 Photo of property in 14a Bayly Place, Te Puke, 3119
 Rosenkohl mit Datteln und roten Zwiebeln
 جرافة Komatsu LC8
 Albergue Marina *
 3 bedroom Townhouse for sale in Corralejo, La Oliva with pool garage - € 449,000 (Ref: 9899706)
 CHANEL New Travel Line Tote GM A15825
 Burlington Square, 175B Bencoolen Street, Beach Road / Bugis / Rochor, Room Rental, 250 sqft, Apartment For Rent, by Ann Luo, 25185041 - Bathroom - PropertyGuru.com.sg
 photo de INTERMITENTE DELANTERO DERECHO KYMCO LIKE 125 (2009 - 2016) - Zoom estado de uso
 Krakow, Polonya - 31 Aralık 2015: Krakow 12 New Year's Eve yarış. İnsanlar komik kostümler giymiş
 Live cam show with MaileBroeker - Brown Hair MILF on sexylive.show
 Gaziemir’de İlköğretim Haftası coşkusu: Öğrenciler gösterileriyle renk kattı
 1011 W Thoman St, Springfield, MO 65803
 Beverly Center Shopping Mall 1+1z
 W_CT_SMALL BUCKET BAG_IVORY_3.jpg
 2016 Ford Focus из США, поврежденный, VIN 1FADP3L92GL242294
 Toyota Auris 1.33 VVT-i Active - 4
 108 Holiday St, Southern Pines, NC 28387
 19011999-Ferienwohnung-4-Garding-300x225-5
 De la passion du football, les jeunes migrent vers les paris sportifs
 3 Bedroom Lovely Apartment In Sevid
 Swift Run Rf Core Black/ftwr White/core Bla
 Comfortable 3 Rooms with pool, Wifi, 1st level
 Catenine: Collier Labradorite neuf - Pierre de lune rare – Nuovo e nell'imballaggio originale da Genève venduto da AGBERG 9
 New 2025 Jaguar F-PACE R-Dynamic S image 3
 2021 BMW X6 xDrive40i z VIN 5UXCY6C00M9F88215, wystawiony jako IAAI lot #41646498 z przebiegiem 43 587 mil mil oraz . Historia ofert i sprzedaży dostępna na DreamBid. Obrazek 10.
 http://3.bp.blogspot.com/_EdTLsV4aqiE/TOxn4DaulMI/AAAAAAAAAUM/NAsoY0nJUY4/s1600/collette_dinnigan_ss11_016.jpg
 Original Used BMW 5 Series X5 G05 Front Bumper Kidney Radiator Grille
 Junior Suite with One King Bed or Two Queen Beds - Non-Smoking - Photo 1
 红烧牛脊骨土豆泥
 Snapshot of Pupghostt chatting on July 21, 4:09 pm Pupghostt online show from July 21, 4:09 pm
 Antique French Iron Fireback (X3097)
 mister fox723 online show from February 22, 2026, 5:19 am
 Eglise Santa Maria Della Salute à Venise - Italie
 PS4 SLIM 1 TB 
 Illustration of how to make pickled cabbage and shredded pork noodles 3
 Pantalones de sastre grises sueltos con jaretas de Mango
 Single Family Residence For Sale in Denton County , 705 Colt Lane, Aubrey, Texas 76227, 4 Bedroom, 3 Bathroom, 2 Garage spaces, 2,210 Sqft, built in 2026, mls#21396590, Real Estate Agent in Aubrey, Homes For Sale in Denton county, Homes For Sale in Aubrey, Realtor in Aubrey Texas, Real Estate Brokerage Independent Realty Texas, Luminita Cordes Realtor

________________________

Task item »
Beginning with the first line above, could you copy every line exactly, up to and including the one with "PS4 SLIM 1 TB"?

Output for this task »
 Photo of property in 14a Bayly Place, Te Puke, 3119
 Rosenkohl mit Datteln und roten Zwiebeln
 جرافة Komatsu LC8
 Albergue Marina *
 3 bedroom Townhouse for sale in Corralejo, La Oliva with pool garage - € 449,000 (Ref: 9899706)
 CHANEL New Travel Line Tote GM A15825
 Burlington Square, 175B Bencoolen Street, Beach Road / Bugis / Rochor, Room Rental, 250 sqft, Apartment For Rent, by Ann Luo, 25185041 - Bathroom - PropertyGuru.com.sg
 photo de INTERMITENTE DELANTERO DERECHO KYMCO LIKE 125 (2009 - 2016) - Zoom estado de uso
 Krakow, Polonya - 31 Aralık 2015: Krakow 12 New Year's Eve yarış. İnsanlar komik kostümler giymiş
 Live cam show with MaileBroeker - Brown Hair MILF on sexylive.show
 Gaziemir’de İlköğretim Haftası coşkusu: Öğrenciler gösterileriyle renk kattı
 1011 W Thoman St, Springfield, MO 65803
 Beverly Center Shopping Mall 1+1z
 W_CT_SMALL BUCKET BAG_IVORY_3.jpg
 2016 Ford Focus из США, поврежденный, VIN 1FADP3L92GL242294
 Toyota Auris 1.33 VVT-i Active - 4
 108 Holiday St, Southern Pines, NC 28387
 19011999-Ferienwohnung-4-Garding-300x225-5
 De la passion du football, les jeunes migrent vers les paris sportifs
 3 Bedroom Lovely Apartment In Sevid
 Swift Run Rf Core Black/ftwr White/core Bla
 Comfortable 3 Rooms with pool, Wifi, 1st level
 Catenine: Collier Labradorite neuf - Pierre de lune rare – Nuovo e nell'imballaggio originale da Genève venduto da AGBERG 9
 New 2025 Jaguar F-PACE R-Dynamic S image 3
 2021 BMW X6 xDrive40i z VIN 5UXCY6C00M9F88215, wystawiony jako IAAI lot #41646498 z przebiegiem 43 587 mil mil oraz . Historia ofert i sprzedaży dostępna na DreamBid. Obrazek 10.
 http://3.bp.blogspot.com/_EdTLsV4aqiE/TOxn4DaulMI/AAAAAAAAAUM/NAsoY0nJUY4/s1600/collette_dinnigan_ss11_016.jpg
 Original Used BMW 5 Series X5 G05 Front Bumper Kidney Radiator Grille
 Junior Suite with One King Bed or Two Queen Beds - Non-Smoking - Photo 1
 红烧牛脊骨土豆泥
 Snapshot of Pupghostt chatting on July 21, 4:09 pm Pupghostt online show from July 21, 4:09 pm
 Antique French Iron Fireback (X3097)
 mister fox723 online show from February 22, 2026, 5:19 am
 Eglise Santa Maria Della Salute à Venise - Italie
 PS4 SLIM 1 TB 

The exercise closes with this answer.